AV. NURULLAH ALBAYRAK | YORUM
Hak kavramının anlamını yitirdiği günlerden geçtiğimizin farkındayım. Yine de yaşananları anlayabilmek için —ülkemizde pek geçerli olmasa da— evrensel insan haklarından söz etmek zorundayız. Bu haklardan biri de lekelenmeme hakkı, yani masumiyet karinesinden yararlanma hakkıdır.
Hukukun üstünlüğünün terk edildiği bir düzende, masumiyetin de bir değer ifade etmediğini biliyoruz. Aslında bu kavramın, diğer birçok kavram gibi nitelik değiştirdiğinin de farkındayız.
Artık “lekelenmeme hakkı” yerini “lekeleme hakkı” na dönüştürdü. Tabi ki bu hakkın sahibinin sadece iktidar ve iktidarın bileşenleri olduğunu söylemeye gerek yok.
Geçtiğimiz hafta kamuoyuna yansıyan, ünlü isimlerin gözaltına alındığı “uyuşturucu operasyonları” ‘lekeleme hakkının’ en güncel örneği. Savcılığın “gözaltı değil, sadece davet” dediği; ancak jandarmanın kameralar eşliğinde zorla evlerinden alıp kan ve saç örneği almak için götürdüğü operasyondan söz ediyorum. Anayasal anlamda masum olan kişileri suçlu gösterip bir de sabahın kör vaktinde jandarma marifetiyle zorla evlerinden alınması hukuksuzluğuna ‘gözaltı yapılmadı’ diyen savcıya denecek çok şey var ama konumuz o değil.
Siyasi iktidarın Gülen Hareketi’ne yönelik sistematik lekeleme çabası zaten herkesin malumu.
Miting meydanlarından MGK toplantılarına, Meclis grup konuşmalarından yurt dışı ziyaretlerine kadar her fırsatta “Gülen Hareketi”ni karalamaya çalışan iktidar, freni patlamış bir kamyon gibi son sürat yokuş aşağı ilerlerken “hareket eden her şeye ateş etme”yi alışkanlık hâline getirmiş durumda.
“Öteki” olarak gördüğü herkes ya da her grup, bu lekeleme zincirinden payını mutlaka alıyor.

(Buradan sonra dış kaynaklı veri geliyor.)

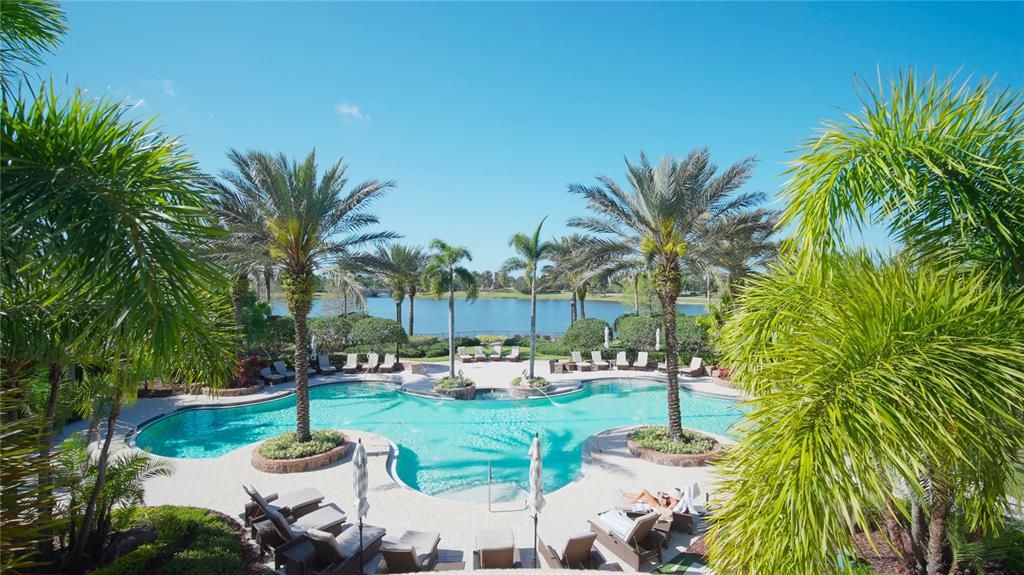 En Venta: $2,099,900 (3 camas, 3 baños, 2638 Pies cuadrados)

Mart ayından bu yana iktidar, “seçimleri kazanma ihtimali taşıyan herkesi saf dışı bırakma hakkını kendinde gören” bir anlayışla hareket ediyor. Geride kalanlara ise ‘lekelenme hakkını’ bahşediyor.
Masumiyet karinesi hiçe sayılan ve lekelenmeme hakkı elinden alınan bireylere yönelik operasyonlar, iftiralar ve saldırılar ne yazık ki alkışla karşılanıyor.
Rejim, “ulusal güvenlik”, “kamu düzeni” ya da “istikrar” adına yanlış bilgi, iftira, sindirme ve hatta şiddet yaymakta mahsur görmüyor. Muhalif olarak etiketlediği birey ve gruplara yönelik operasyonları adeta ritüel bir forma dönüştürmüş durumda. Dronlardan uzun namlulu, maskeli kolluk kuvvetlerine kadar, genellikle şafak vakti yapılan bu baskınlar “güç gösterisi”nin bir parçası haline getirildi.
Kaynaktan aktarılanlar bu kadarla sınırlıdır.